It depends. Not all anti-depressants are no more effective than placebo though there is at least one in the BNF which isn't and it's widely used.

Drugs are cheaper in some cases and more readily available and less person intensive than psychological therapies.

It's swings and roundabouts. Before anti-psychotic drugs there was institutionalization and/or psychotherapy.

When the 1st anti-psychotics came out, they did research studies comparing AP drug treatment to those getting psychotherapy 2/3 times a week and the drugs led to far more improvement.

Now psychotherapy is what most people want but can't access.

And a lot of people WANT the drugs. Ask someone to engage in CBT for anxiety or sleep hygiene for insomnia rather than drugs and they often get incredibly annoyed.

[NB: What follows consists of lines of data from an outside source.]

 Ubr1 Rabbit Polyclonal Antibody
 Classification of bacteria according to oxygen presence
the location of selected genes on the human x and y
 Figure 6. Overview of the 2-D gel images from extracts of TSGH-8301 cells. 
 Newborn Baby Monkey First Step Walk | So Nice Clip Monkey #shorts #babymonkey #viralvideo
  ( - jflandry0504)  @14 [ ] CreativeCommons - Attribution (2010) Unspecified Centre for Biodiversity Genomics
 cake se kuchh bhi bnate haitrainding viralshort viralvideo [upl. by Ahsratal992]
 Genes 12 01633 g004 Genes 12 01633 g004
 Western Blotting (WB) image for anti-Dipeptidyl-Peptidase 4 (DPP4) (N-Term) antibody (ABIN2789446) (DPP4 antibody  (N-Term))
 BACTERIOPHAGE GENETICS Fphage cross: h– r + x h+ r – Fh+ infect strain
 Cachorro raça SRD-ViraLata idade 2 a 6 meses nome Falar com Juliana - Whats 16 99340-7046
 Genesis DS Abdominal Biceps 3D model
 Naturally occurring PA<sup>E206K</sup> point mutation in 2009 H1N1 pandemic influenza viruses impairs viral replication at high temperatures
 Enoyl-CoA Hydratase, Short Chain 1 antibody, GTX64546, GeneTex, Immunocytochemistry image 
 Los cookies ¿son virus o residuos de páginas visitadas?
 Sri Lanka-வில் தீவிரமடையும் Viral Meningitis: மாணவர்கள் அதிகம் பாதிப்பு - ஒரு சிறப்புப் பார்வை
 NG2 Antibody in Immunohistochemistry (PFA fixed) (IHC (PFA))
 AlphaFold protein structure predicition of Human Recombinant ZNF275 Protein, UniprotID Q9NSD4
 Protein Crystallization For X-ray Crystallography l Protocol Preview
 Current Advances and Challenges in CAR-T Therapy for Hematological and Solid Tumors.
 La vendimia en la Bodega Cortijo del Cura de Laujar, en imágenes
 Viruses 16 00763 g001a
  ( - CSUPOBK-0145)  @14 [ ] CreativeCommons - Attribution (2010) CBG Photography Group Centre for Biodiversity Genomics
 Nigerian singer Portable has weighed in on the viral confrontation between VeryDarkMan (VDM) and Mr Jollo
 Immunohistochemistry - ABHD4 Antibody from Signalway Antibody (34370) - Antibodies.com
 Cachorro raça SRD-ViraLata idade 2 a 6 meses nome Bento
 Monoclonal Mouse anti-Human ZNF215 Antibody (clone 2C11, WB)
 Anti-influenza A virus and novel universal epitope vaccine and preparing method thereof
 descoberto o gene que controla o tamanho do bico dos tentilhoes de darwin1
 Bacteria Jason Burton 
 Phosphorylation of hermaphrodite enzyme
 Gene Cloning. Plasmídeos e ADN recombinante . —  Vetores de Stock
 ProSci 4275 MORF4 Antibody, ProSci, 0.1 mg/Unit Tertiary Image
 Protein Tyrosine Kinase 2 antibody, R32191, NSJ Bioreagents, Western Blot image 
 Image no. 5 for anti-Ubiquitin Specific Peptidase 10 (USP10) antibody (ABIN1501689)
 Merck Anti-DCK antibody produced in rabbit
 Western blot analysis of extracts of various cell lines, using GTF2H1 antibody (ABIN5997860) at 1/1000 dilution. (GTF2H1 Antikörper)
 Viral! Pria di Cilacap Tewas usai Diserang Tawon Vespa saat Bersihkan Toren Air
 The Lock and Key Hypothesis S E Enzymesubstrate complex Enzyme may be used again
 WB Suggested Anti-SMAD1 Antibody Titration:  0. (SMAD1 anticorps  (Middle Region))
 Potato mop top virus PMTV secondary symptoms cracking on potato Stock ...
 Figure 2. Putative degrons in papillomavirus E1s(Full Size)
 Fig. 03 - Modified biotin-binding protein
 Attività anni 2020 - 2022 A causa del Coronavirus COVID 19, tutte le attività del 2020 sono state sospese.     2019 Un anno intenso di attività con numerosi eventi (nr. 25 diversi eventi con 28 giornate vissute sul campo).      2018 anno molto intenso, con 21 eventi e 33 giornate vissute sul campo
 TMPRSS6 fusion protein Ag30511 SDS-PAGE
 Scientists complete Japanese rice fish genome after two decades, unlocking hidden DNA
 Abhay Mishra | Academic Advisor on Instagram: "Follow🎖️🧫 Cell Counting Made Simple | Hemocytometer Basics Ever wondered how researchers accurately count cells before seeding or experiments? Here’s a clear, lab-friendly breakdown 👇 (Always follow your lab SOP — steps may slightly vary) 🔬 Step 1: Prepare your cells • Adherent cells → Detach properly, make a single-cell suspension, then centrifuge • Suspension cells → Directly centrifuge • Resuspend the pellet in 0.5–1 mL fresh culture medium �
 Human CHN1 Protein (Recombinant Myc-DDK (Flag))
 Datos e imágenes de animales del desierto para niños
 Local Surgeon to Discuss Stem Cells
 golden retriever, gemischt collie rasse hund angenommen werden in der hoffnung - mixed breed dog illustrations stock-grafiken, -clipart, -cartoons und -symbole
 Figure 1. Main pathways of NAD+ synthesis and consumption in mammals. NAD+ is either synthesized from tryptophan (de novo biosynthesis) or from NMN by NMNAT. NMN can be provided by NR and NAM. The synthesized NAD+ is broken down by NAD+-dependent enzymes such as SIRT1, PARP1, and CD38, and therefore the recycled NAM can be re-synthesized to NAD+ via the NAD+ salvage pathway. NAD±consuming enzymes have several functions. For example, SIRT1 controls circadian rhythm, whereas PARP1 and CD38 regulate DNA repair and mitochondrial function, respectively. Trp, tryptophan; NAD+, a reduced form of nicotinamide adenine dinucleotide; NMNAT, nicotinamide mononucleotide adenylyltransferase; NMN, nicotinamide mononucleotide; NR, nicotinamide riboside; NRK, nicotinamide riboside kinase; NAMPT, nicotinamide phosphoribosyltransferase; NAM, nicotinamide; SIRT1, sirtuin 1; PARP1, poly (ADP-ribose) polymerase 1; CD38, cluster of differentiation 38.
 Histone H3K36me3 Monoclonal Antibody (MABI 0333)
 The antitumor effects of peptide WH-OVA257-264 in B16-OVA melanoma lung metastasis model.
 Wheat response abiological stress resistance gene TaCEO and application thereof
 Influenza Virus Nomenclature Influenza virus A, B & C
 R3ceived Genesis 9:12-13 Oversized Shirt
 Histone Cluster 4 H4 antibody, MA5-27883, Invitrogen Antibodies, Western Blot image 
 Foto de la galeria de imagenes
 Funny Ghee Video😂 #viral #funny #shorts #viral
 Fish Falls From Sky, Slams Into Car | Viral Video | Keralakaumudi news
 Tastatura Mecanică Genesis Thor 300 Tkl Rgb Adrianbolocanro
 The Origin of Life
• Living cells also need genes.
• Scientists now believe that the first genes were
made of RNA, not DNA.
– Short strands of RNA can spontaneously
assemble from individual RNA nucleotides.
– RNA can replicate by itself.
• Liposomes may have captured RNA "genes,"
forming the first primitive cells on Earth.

And 'exporting mental health treatment globally' isn't quite as straightforward as it seems. If you look at psychosis for instance in countries without easy access to AP drugs most people will recover from a psychotic episode without drugs in 6-12 months. It would be completely unethical to let someone do that in westernised countries because we do have treatments that can help. And not all will recover without drugs.

When Clozapine first became widely used it changed the treatment of schizophrenia completely from a degenerative illness that could only be managed by heavy sedation to the point of Parkinsonian symptoms while still having delusions/hallucinations to in a lot of cases, treating the psychotic symptoms themselves.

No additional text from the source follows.